Columna de opinión por Francisca Bello, diputada por el distrito 6.

El 11 de marzo de este año marcó un antes y un después en la historia político y social de Chile. La asunción del presidente Gabriel Boric también traía consigo un gabinete paritario y diverso, marcado fuertemente por el feminismo y las diversidades y disidencias sexuales, irrumpiendo con fuerza los espacios conservadores de antaño a los que nos tenían acostumbrades.

Pero también marcó la irrupción de fuerzas que hasta este año, no existían en un lugar como el Congreso, como es la Bancada Disidente, de la que soy parte y que la conforman cuatro diputadas abiertamente de las comunidades LGBTIQ+, con la clara y manifiesta intención de la defensa de nuestros derechos.

Esta irrupción, lamentablemente, está marcada también por la llegada de la ultraderecha con el Partido Republicano, quienes traen consigo a diputados como Cristóbal Urruticoechea, quien solicitaba que personas pertenecientes a disidencias sexuales -especialmente el Movilh, indicaba- no pudieran entrar al Congreso, para no promover la homosexualidad y la pedofilia.

Estos dichos nos plantean desafíos claros en la forma de conducir hacia un Chile inclusivo, donde han demostrado ser obstáculos para legislar en pos de la diversidad. Nos demuestra de una manera clara que hay un sector de la sociedad -más amplio del que parecía- que no avanza ni pretende avanzar y se atrinchera en su agenda antiderechos.

Eso no significa que hemos bajado los brazos, al contrario, nos da más fuerzas y ganas para dar una pelea que a ratos parece muy dura e imposible de ganar, pero que damos sin descanso.

Y es que algo hemos avanzado. Desde la tramitación y aprobación de la #LeyJoséMatías en Cámara, que busca reforzar la normativa sobre convivencia escolar y, a través del reglamento interno, considerar el respeto de la identidad sexual y de género, y sancionar toda forma de discriminación por identidad u origen. Ley que nace a raíz del lamentable suicidio de José Matías, joven trans que sufrió bullying por su identidad y expresión de género en su Escuela.

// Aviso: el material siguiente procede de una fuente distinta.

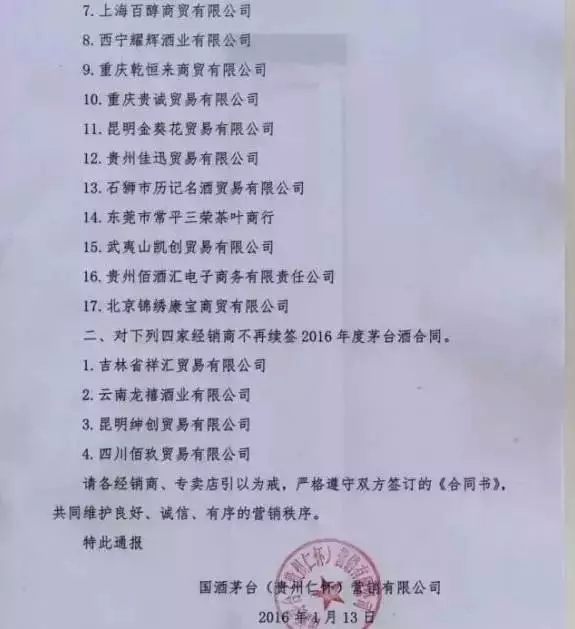 茅台第三次动刀“不守规矩”的经销商，累计17家不再续签2016年度合同！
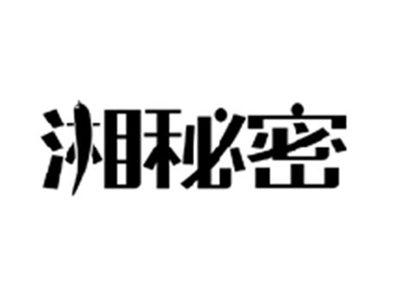 湘秘密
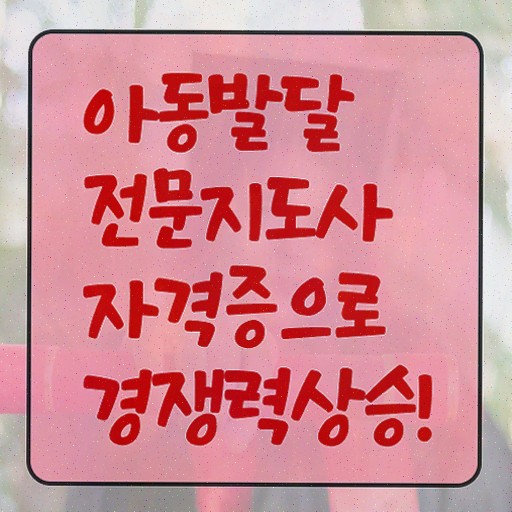  아동발달전문지도사 준비기간 , 20일 만에 취득한 노하우 알아볼게요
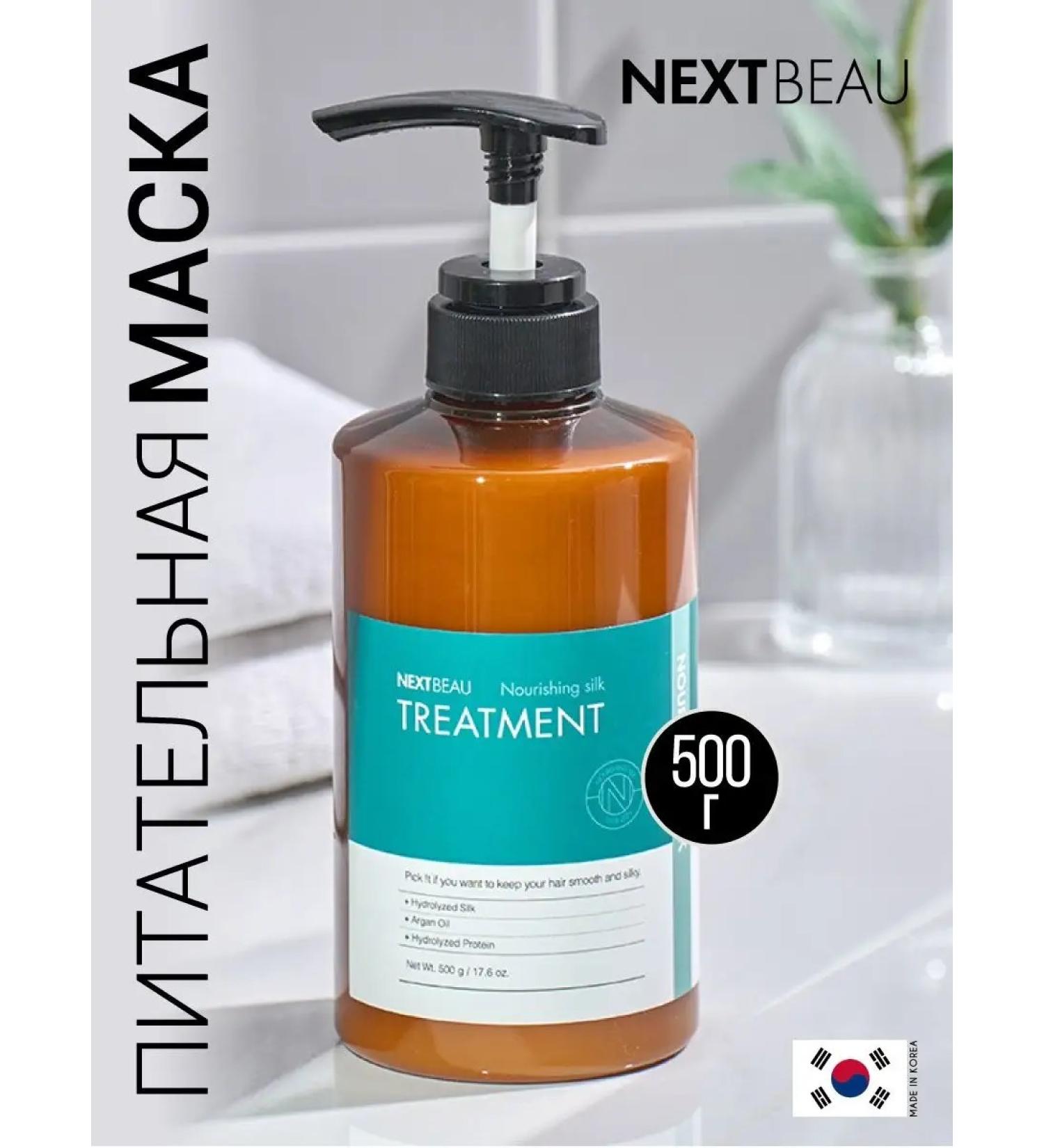 Nextbeau Nourishing mask for hair - Buy Online on GoSupps.com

También futuros proyectos que pronto anunciaremos y que queremos discutir, como son la reforma a la Ley Antidiscriminación o el cupo laboral trans. Banderas de lucha de años de grupos muy diversos y activistas de las comunidades.

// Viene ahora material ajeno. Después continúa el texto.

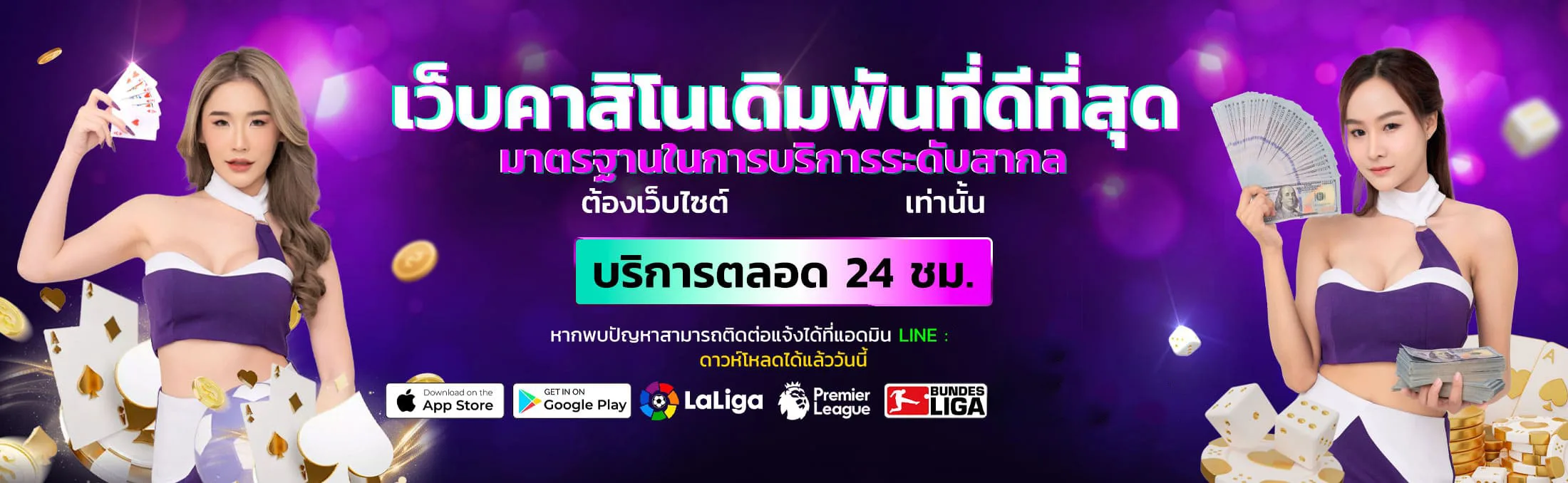 ufa168live banner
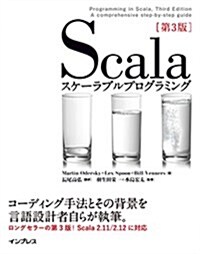 Scalaスケ-ラブルプログラミング第3版 (單行本(ソフトカバ-), 第3)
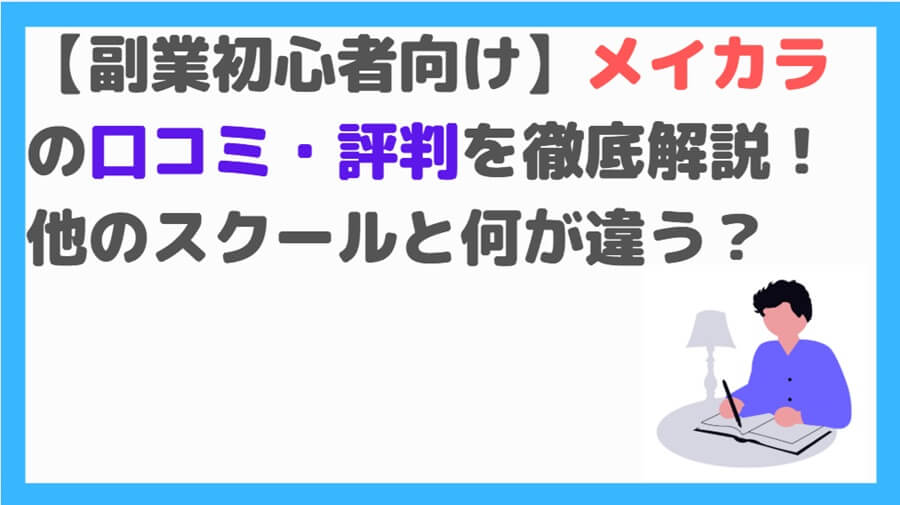 メイカラTOP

La ganada de terreno del conservadurismo, el terror y las políticas anti-LGBTIQ+ y anti-mujeres que hemos visto en el mundo -como lo ocurrido en Estados Unidos y el aborto o el tiroteo en un bar disidente en Oslo- nos recuerdan las palabras de Simone de Beauvoir: “No olvidéis jamás que bastará una crisis política, económica o religiosa para que los derechos de las mujeres vuelvan a ser cuestionados. Estos derechos nunca se dan por adquiridos, debéis permanecer vigilantes toda vuestra vida”.

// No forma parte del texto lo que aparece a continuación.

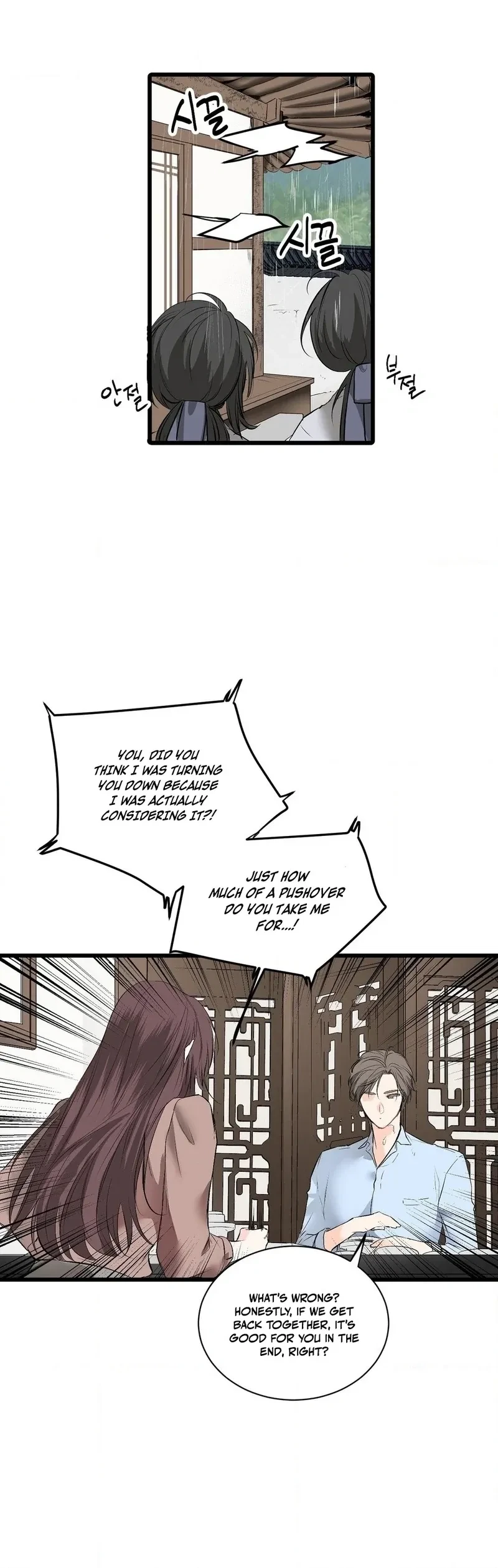Chapter 18, page 39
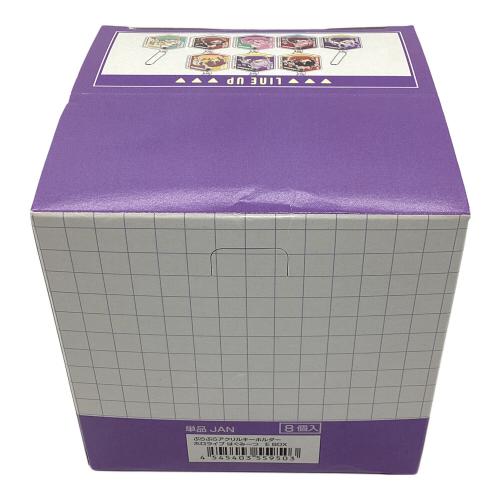 BANDAI ホロライブ ぷらぷらアクリルキーホルダー はぐみーつ E 8個入りBOX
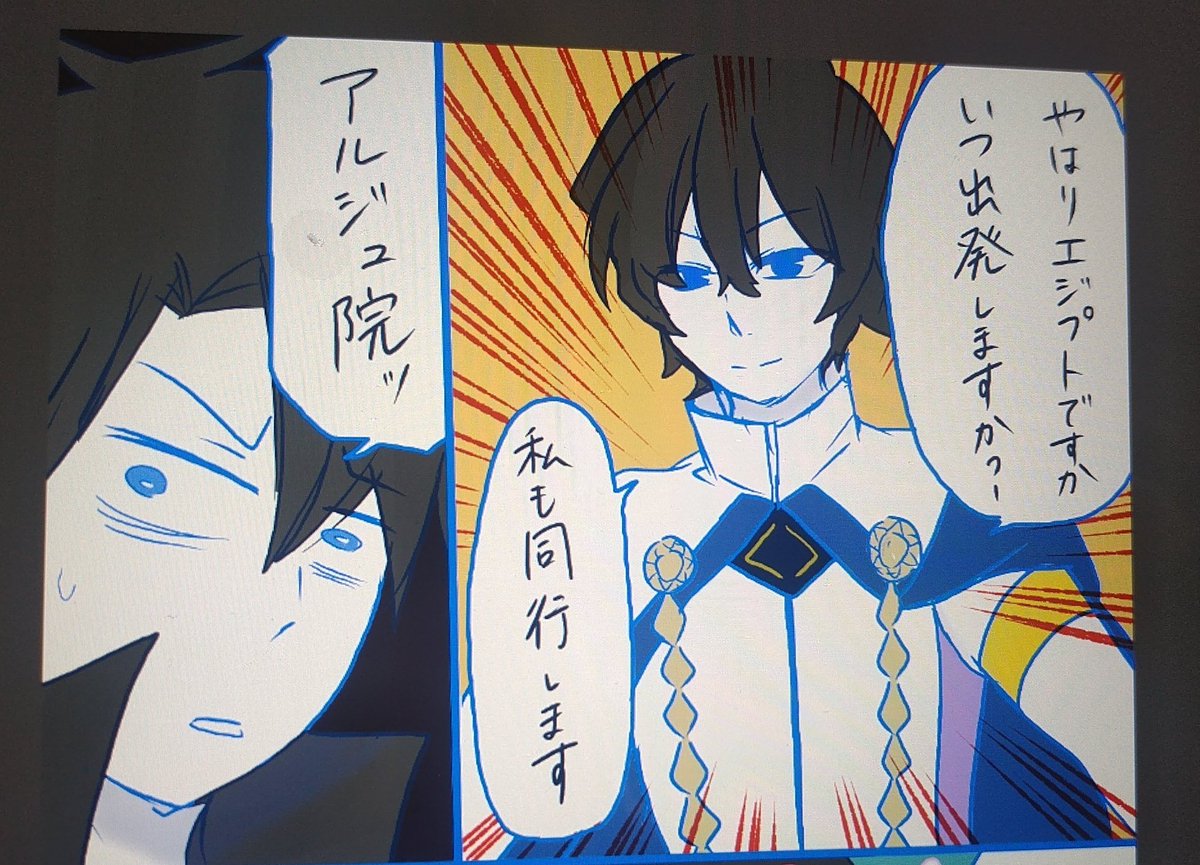 ちょっと耐久言峰綺礼してくるか……ちなみに漫画は8ページ完結ただいま4ページですね、今日中には投下ですぇ(セリフは全く関係ないです) 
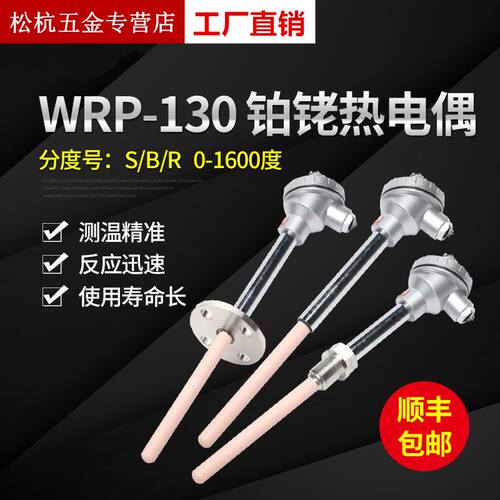 S型铂铑热电偶WRP-130/1600度高温刚玉管热电偶B型R型温度传感器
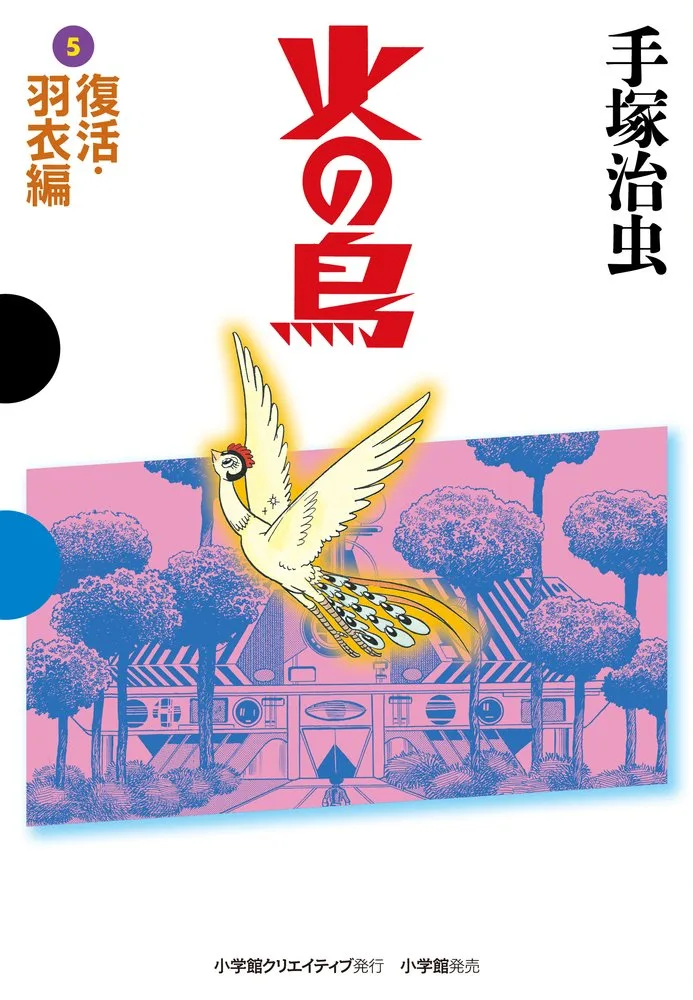 Volume 05.7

Me permito agregar a la cita que los derechos de las diversidades también serán cuestionadas. Nada de lo ganado hasta ahora está dado en bandeja ni estará grabado en piedra. La crisis económica y social en el mundo nos deja como comunidades en situación de incertidumbre y desventaja, pero el miedo no nos paralizará nunca más. Ganarle terreno al odio es el camino que hemos elegido desde todos los frentes de los que somos parte, incluida la Cámara.

Espero que al término de nuestro paso por el Congreso, hayamos aportado a que Chile sea un país más inclusivo, más respetuoso y sin espacio para el miedo y el odio.